Down to the last line, print the entries below exactly, and keep every picture out of the copy.

RECORDS —
═══

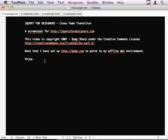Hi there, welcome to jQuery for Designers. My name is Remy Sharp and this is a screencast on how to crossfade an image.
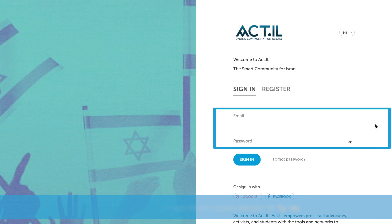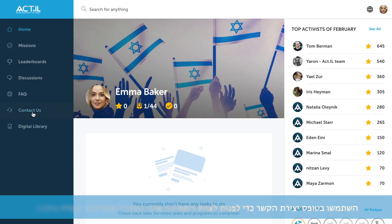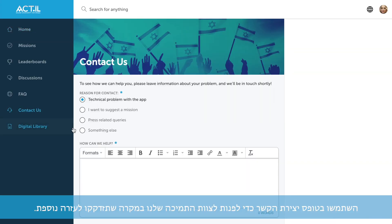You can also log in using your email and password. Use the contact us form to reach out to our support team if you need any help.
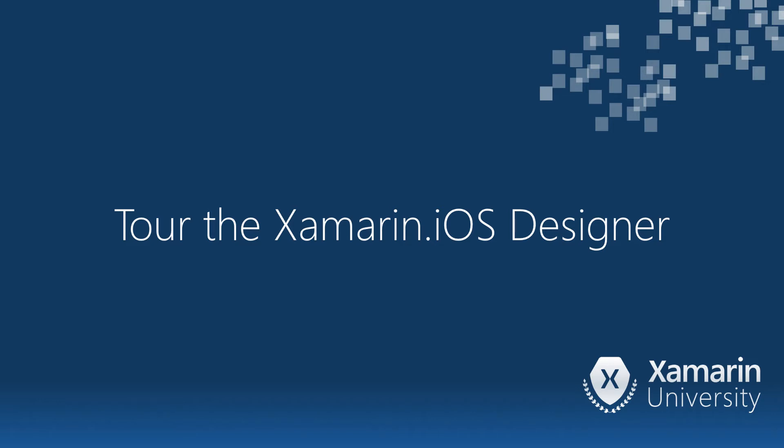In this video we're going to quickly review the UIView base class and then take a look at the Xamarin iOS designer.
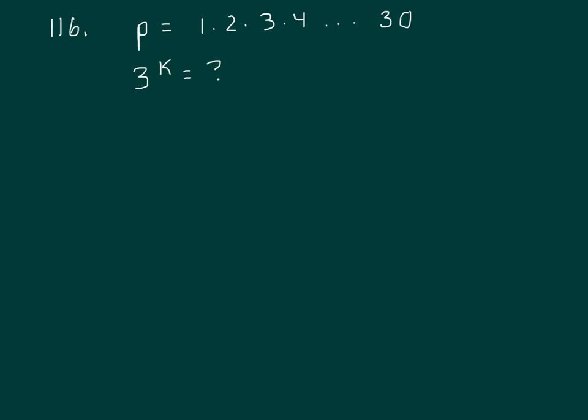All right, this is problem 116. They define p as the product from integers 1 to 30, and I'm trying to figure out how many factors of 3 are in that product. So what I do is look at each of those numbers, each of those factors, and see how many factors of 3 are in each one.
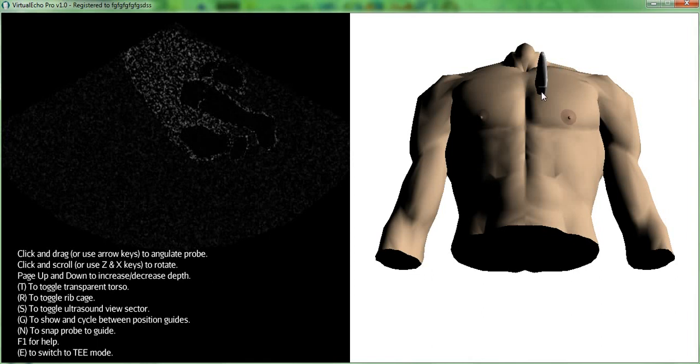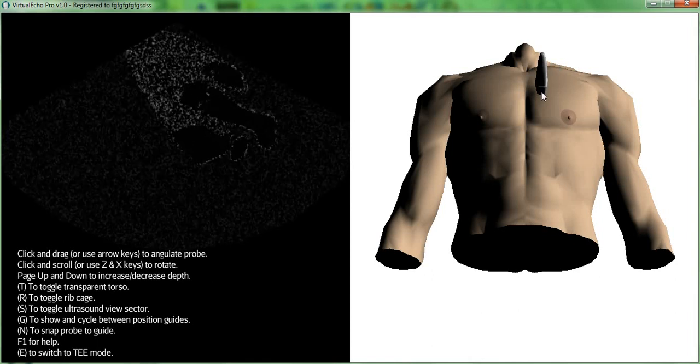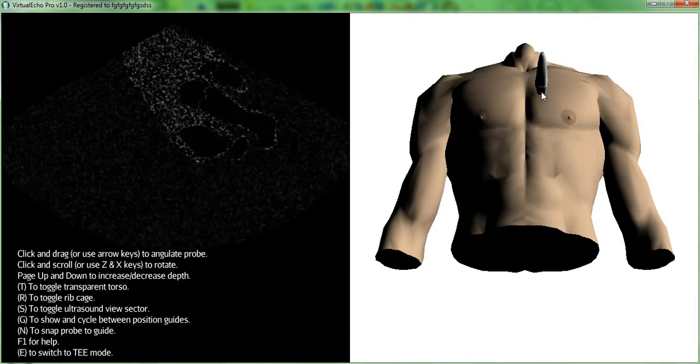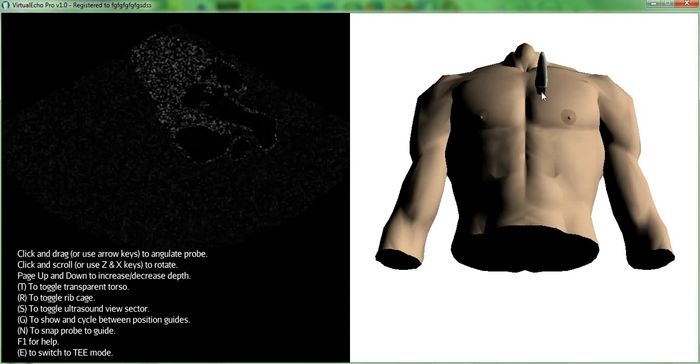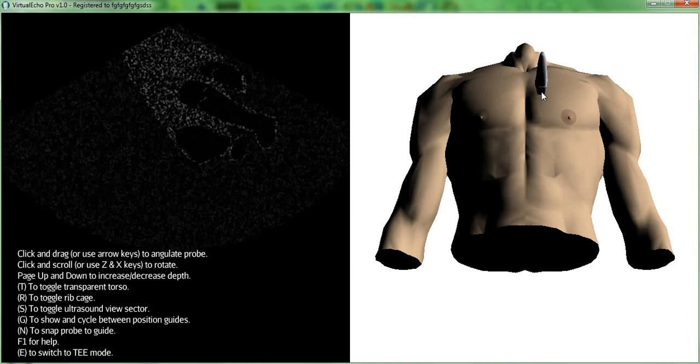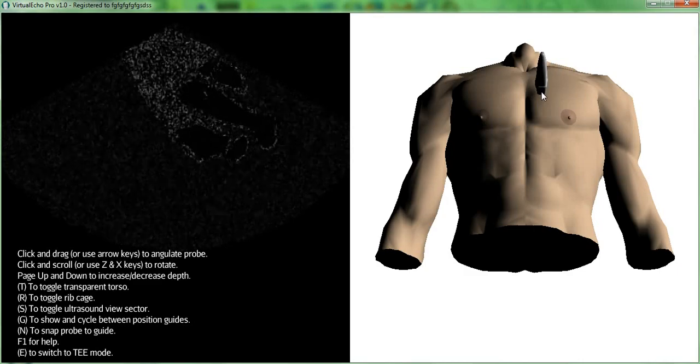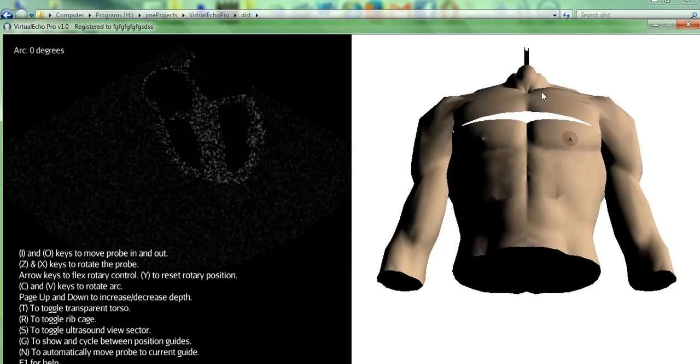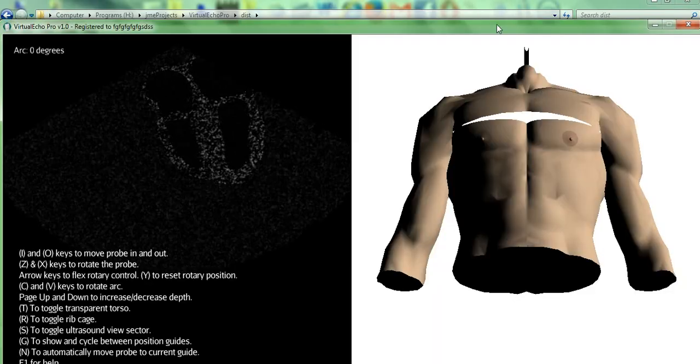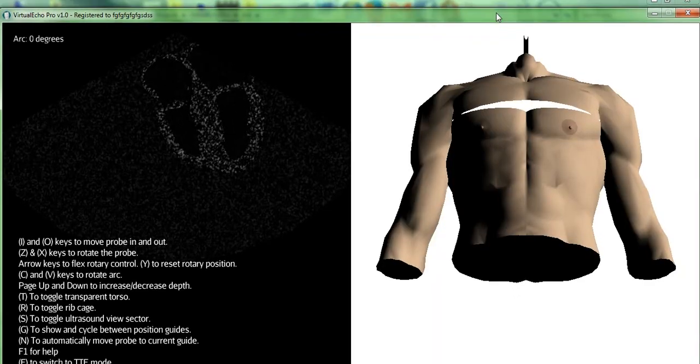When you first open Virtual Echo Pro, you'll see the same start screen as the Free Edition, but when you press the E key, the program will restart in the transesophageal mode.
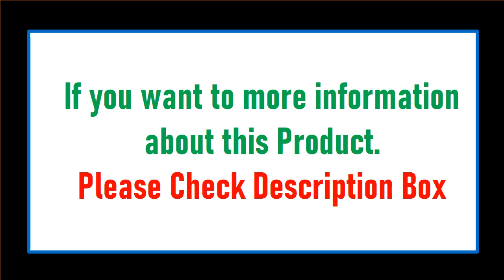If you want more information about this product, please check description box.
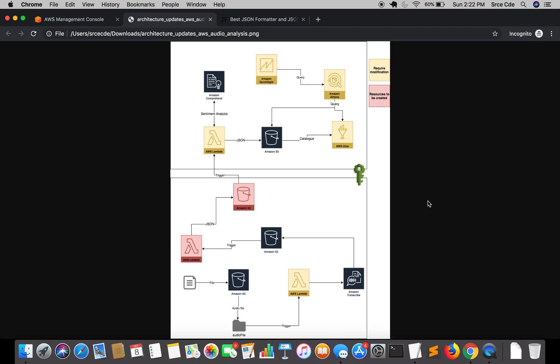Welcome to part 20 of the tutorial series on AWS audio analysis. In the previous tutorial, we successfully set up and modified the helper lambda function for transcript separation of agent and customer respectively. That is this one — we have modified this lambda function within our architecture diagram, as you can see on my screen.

═══

EXERCISE RESULT —
Hi there, welcome to jQuery for Designers. My name is Remy Sharp and this is a screencast on how to crossfade an image.
You can also log in using your email and password. Use the contact us form to reach out to our support team if you need any help.
In this video we're going to quickly review the UIView base class and then take a look at the Xamarin iOS designer.
All right, this is problem 116. They define p as the product from integers 1 to 30, and I'm trying to figure out how many factors of 3 are in that product. So what I do is look at each of those numbers, each of those factors, and see how many factors of 3 are in each one.
When you first open Virtual Echo Pro, you'll see the same start screen as the Free Edition, but when you press the E key, the program will restart in the transesophageal mode.
If you want more information about this product, please check description box.
Welcome to part 20 of the tutorial series on AWS audio analysis. In the previous tutorial, we successfully set up and modified the helper lambda function for transcript separation of agent and customer respectively. That is this one — we have modified this lambda function within our architecture diagram, as you can see on my screen.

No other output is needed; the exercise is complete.